We take images and rectify them. This is done by computing the homography matrix from original image (manually selected points) and a rectangle.
Original Photo (link)
Rectified Photo (Interesting Sign!)
Original Photo
Rectified Photo (I promise I was paying attention)

Mosaics

Given images with the same point of view, but rotated viewing angles and overlapping fields of view, we can create a mosaic of the images to create a panorama. To do this, we will recover the homography as above, and warp the images to the center image, then blend the resulting warps.

Part 2: Automatic Stitching

Overview

In this section, we take our work from Part 1 and extend it to automatically stitch together multiple images.

Harris Corners

To find matches between images, we need to generate potential points of interest.
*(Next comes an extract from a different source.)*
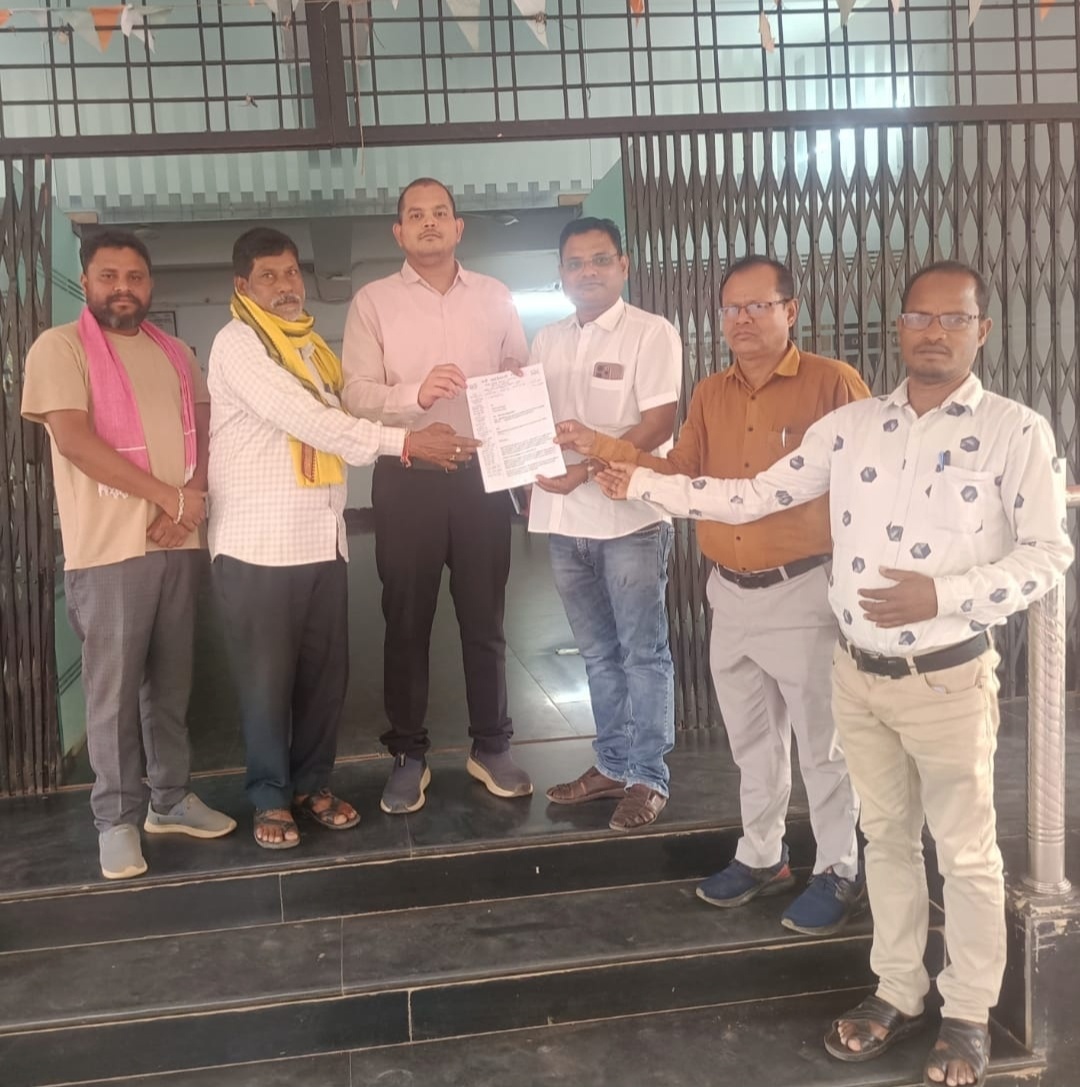 सर्व आदिवासी समाज ने सीएम के नाम कलेक्टर को सौंपा ज्ञापन, सीईओ नियंत्रण बदलाव का किया विरोध ।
To do so, we use Harris Corner Detection to find corners in an image, where corners are defined by points whose local neighborhoods stand in two different edge directions. Below, we show two images with their Harris Corners overlaid:

Adaptive Non-Maximal Suppression (ANMS)

Using Harris Corner Detection algorithm returns too many points of interest. To remedy this issue, we turn to ANMS to limit the maximum number of interest points extracted from each image. At the same time, we notice that these points are not necessarily distributed spatially. ANMS solves these issues by sorting points by non-maximal suppression radius. In my implementation, I use \(c_{robust} = 0.9 \) and keep only the top \(500\) points (as sorted by non-maximal suppression radius). Below, we show the results after running ANMS:

Multi-Scale Oriented Patches: Feature Descriptor Extraction

We now use our interest points as feature descriptors, which should be invariant and distinctive. We use Multi-Scale Oriented Patches (MOPS). Specifically, we take \(40 \times 40 \) pixels and rotate it to a canonical orientation and subsample to \(8 \times 8\) to eliminate high frequency signals. Then, we normalize the subsample. This makes the features invariant to affine changes in intensity (bias and gain).

Feature-space Outlier Rejection: Feature Matching

we compute the squared distance from every feature in the first image to every feature in the second image. Then, we use the David Lowe's trick and compute the ratio of the distance to the 1-NN over the distance to the 2-NN. If this is less than \(0.3\), then the pair is a match.

Random Sample Consensus (RANSAC)

The RANSAC loop runs by firstly selecting four features at random (four since it is the minimum set of feature pairs for a homography). We take the minimum since we will have more chance of wrong pairs being chosen. We then compute the homography and count the inliers: $$dist(p_i', Hp_i) < \epsilon$$ In our case, the distance metric was the \(L2\) norm. We repeat this while keeping the largest set of inliners (inliners defined to have SSD error lower than threshold \(0.8\)) and recompute least squares estimate on all of them.

Results of Automatic Stitching

We extend our studies further beyond the city picture to automatically stitch other photos. We provide the manually stitched photos for comparison on the left. To the right are the automatic stitched photos (they look almost identical! - more on this reflection soon). To make the pictures look better, they have been manually cropped to a rectangle.

What I learned

I am beyond surprised that automatic stitching and manual stitching returned almost identical results. The biggest thing I have learned is how to do feature extraction and feature matching, but more importantly, how simple ideas like using patches and normalizing can be used to create beautiful panoramas.